- WHAT THE TASK ASKS -
All of the data below should be set down again verbatim, without any images.

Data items
---
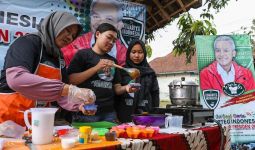 Kowarteg Indonesia Gelar Pelatihan Pembuatan Kue Bareng Ibu-Ibu di Nganjuk - JPNN.com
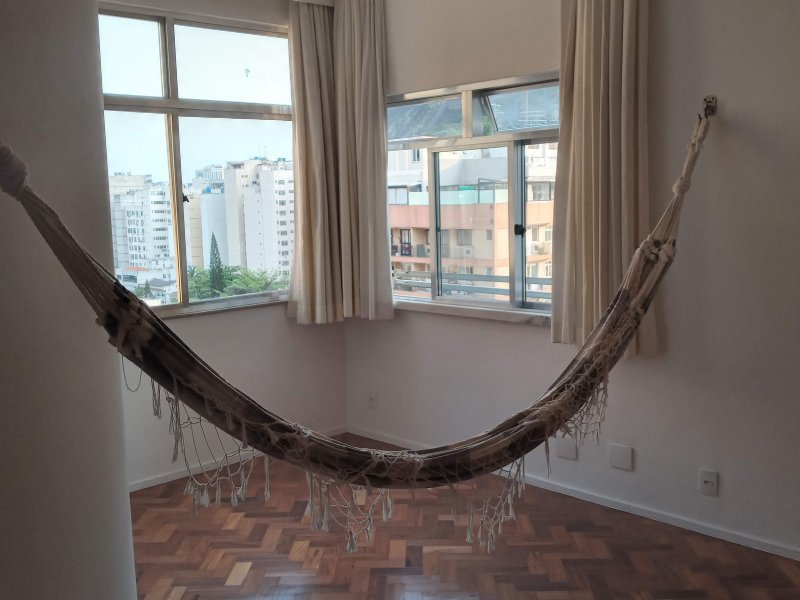 Apartamento à venda Copacabana com 60m² e 2 quartos por R$ 670.000 - 1300657120-sala-janelas.jpg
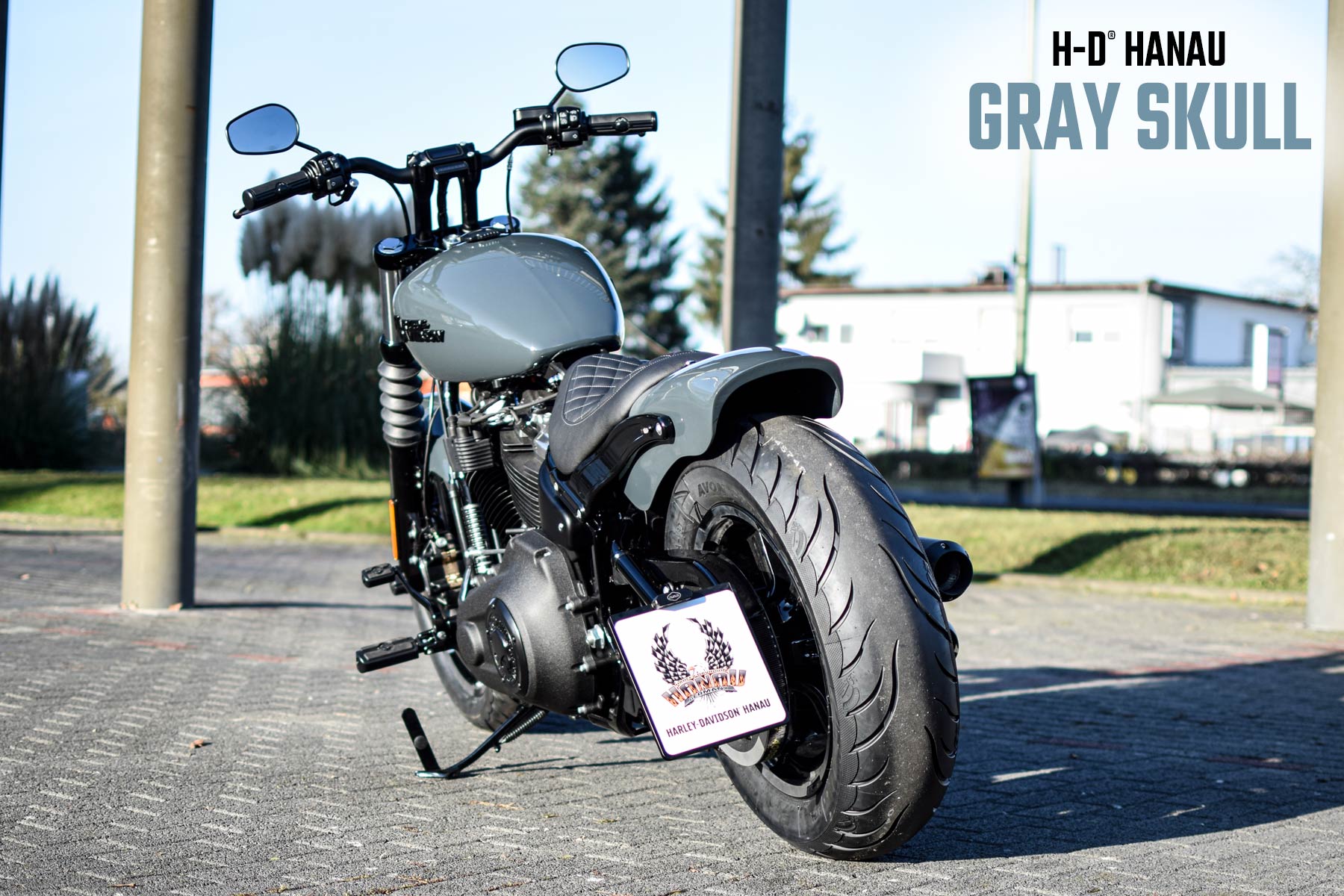 Harley-Davidson Hanau Street B Umbau Gray Skull Custombike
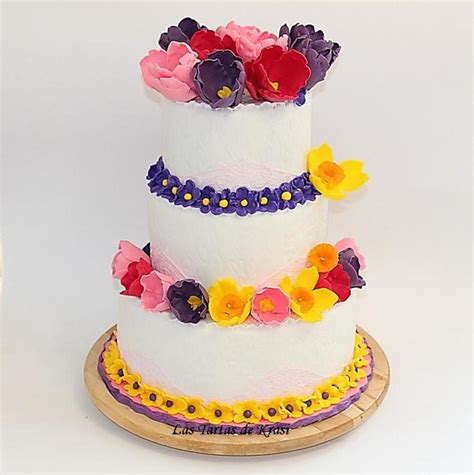 Image result for Simple 2 Layers Cake Spring Flower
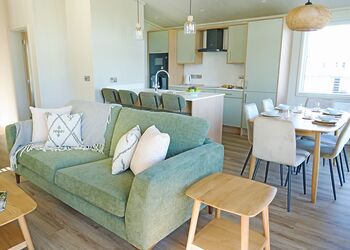 Autograph Retreat Hot Tub 2 bed Luxury Lodge slps 4 - Green Hill Farm Holiday Village, Landford,  Nr Salisbury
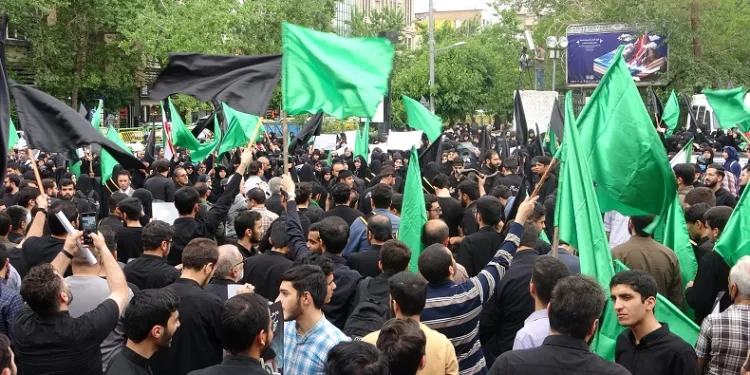 İranlı öğrenciler, Reisi’yi anmak için toplandı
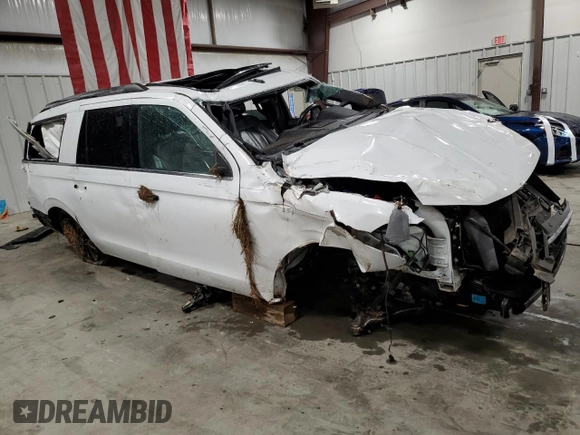 2019 Ford Expedition Max Limited with VIN 1FMJK1KT1KEA27933, listed as a Copart auction lot 83892104 with 141,513 mi miles and Salvage title. Bid and sale history available at DreamBid. Image 4.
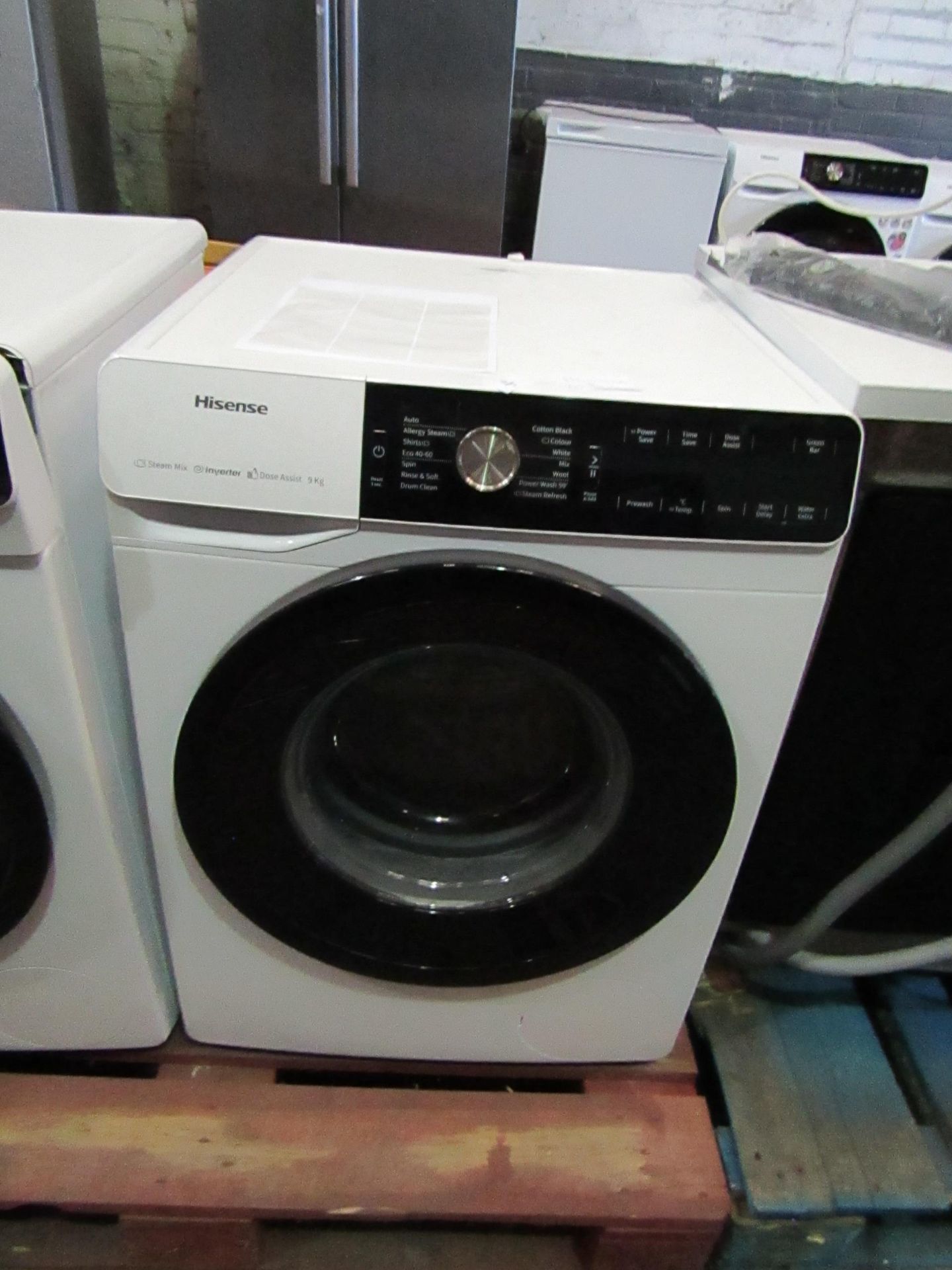 hisense 9kg washing machine, powers ona dn spins but we havent connected it to water to check any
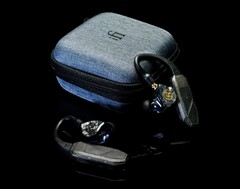 IFi Go Pod Air подключается к IEM через 2-контактный разъем или разъем MMCX. (Источник изображения: iFi Audio)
---
- RESULT OF THIS TASK -
 Kowarteg Indonesia Gelar Pelatihan Pembuatan Kue Bareng Ibu-Ibu di Nganjuk - JPNN.com
 Apartamento à venda Copacabana com 60m² e 2 quartos por R$ 670.000 - 1300657120-sala-janelas.jpg
 Harley-Davidson Hanau Street B Umbau Gray Skull Custombike
 Image result for Simple 2 Layers Cake Spring Flower
 Autograph Retreat Hot Tub 2 bed Luxury Lodge slps 4 - Green Hill Farm Holiday Village, Landford,  Nr Salisbury
 İranlı öğrenciler, Reisi’yi anmak için toplandı
 2019 Ford Expedition Max Limited with VIN 1FMJK1KT1KEA27933, listed as a Copart auction lot 83892104 with 141,513 mi miles and Salvage title. Bid and sale history available at DreamBid. Image 4.
 hisense 9kg washing machine, powers ona dn spins but we havent connected it to water to check any
 IFi Go Pod Air подключается к IEM через 2-контактный разъем или разъем MMCX. (Источник изображения: iFi Audio)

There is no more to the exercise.